Mathieu Amalric on the coat worn by Shirley Knight in Francis Ford Coppola’s The Rain People and the one on Vicky Krieps: “That’s the reference. I told that to Caroline Spieth, the costume person.” |
Mathieu Amalric’s terrific Hold Me Tight (Serre Moi Fort), based on the play Je Reviens De Loin by Claudine Galéa, shot by Christophe Beaucarne (Amalric’s Barbara and The Blue Room; Benoît Jacquot’s Suzanna Andler, based on a Marguerite Duras play; Nicole Garcia’s Lovers and From The Land Of The Moon; Etienne Comar’s Django with Reda Kateb as Django Reinhardt) and starring Vicky Krieps and Arieh Worthalter was a highlight of the 74th Cannes Film Festival and New York’s 27th edition of Rendez-Vous with French Cinema. In the first instalment with Mathieu we discussed his films on John Zorn, thoughts on Robert Musil, Thomas Bernhard, Jerry Lewis, and going to Rome to film with Nanni Moretti Il Sol Dell'avvenire.
Mathieu Amalric (Je Reviens De Loin by Claudine Galéa) with Anne-Katrin Titze on Vicky Krieps as Clarisse: “As you said, she does the film. Her character is the projectionist, is the editor in fact.” |
Hold Me Tight begins brilliantly with a woman, Clarisse (Krieps), turning over polaroids of her family life displayed on a table in a kind of makeshift memory game. We hear slapping noises. What happens when you try to take control of the narrative of your life is one of the many puzzle questions the film raises.
“I’m sick of being little,” says one of her two children. Daughter Lucie (Juliette Benveniste) wants a piano, son Paul (Aurèle Grzesik) wants a treehouse. What could her husband Marc (Worthalter) want?
The movie is tinged in shades of coral - from the tablecloth to Clarisse’s fluffy sweater, to the rust and the car. You could also call it the colours of blood, depending on how much water has been mixed in. Clarisse talks to a girlfriend (Aurélia Petit) at a gas station. It was cold and early in the morning when she drove off. At home, her family does family things and Lucie wears her mother’s dressing gown.

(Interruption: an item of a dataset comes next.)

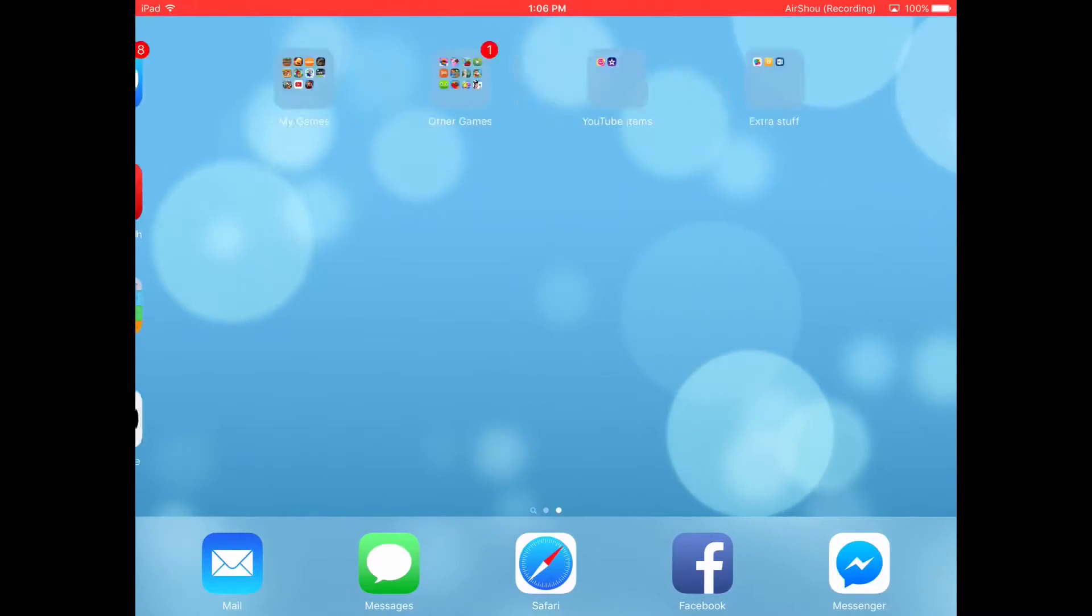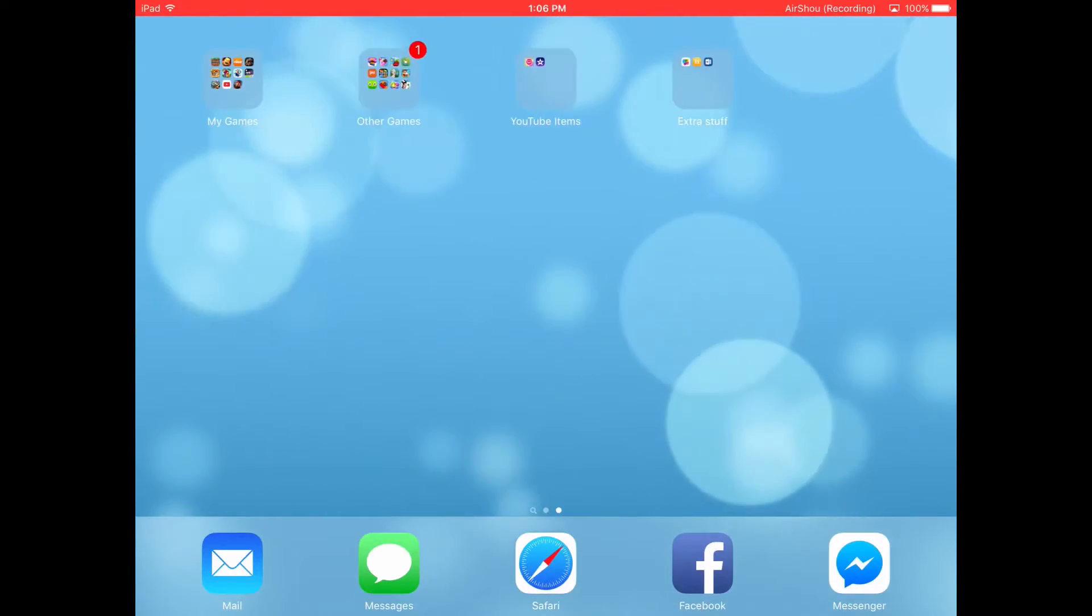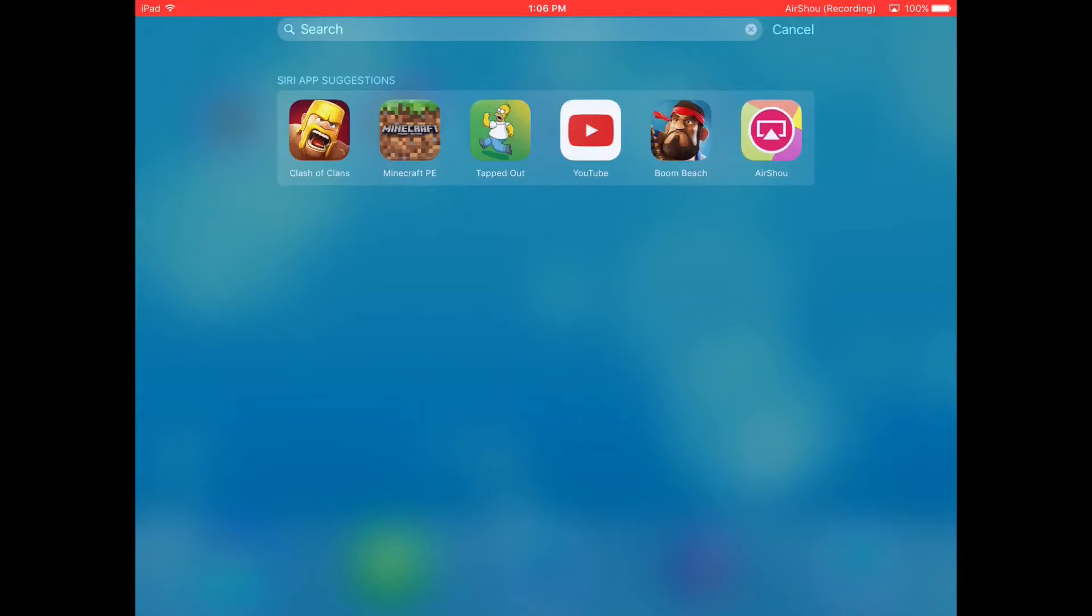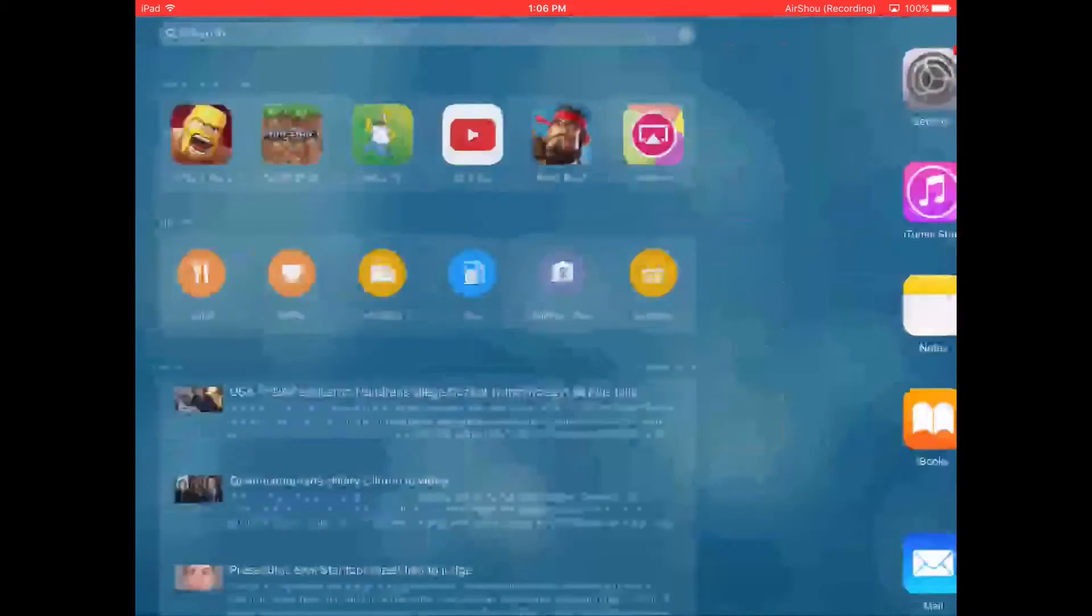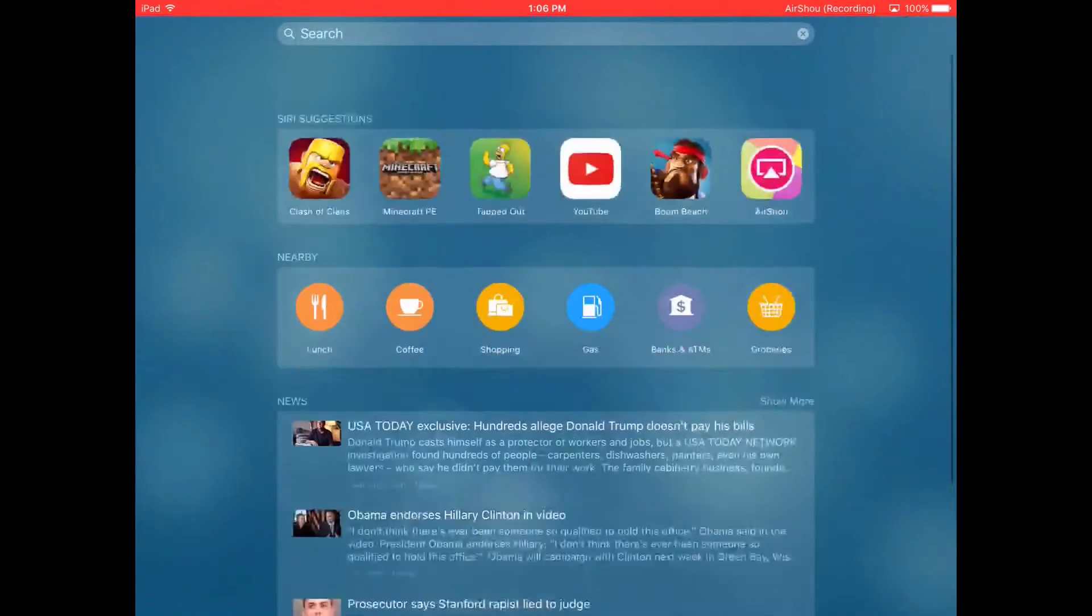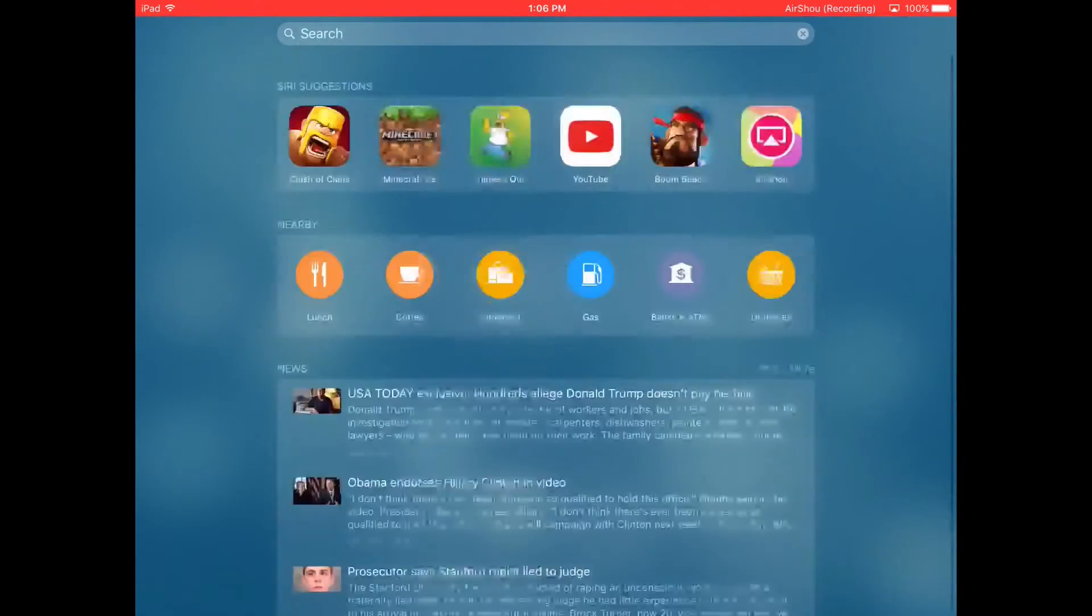Also, when I get 28 subscribers, I will, well, this isn't would you rather, it's will you press the button?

On the fridge is the shopping list: bread, wine, cheese, eggs, artichokes.
A woman in a bar has drinks. For a second I did not recognize her as Clarissa. She is elsewhere and explains in German in a harbour a boat and a rope to a group of tourists. She scolds a father (Sylvain Micard) about how he treats his kid (Siméon Micard). In a marvellous feat of cross-cutting, we see her husband Marc getting rid of her stuff on the bathroom shelves.
Clarisse puts her head in the fish ice at the market and collapses while her son screams at home “You threw away mom! You threw her perfume away!” With the woman alone in her new life and the family without her, past and present are not what they seem. The house was built in 1722 and the car is from 1978, but grief, pain, and invention are not so easy to pin down as they hold us tight. We all live with ghosts and those who leave may not have left at all.
Mathieu Amalric on Vicky Krieps as Clarisse: “I wanted her to be in action all the time.” |
From Paris, Mathieu Amalric joined me on Zoom for an in-depth wide-ranging exploration of his cultural interests and Hold Me Tight.
Anne-Katrin Titze: With Hold Me Tight you are really taking risks, aren’t you? A big wow for storytelling!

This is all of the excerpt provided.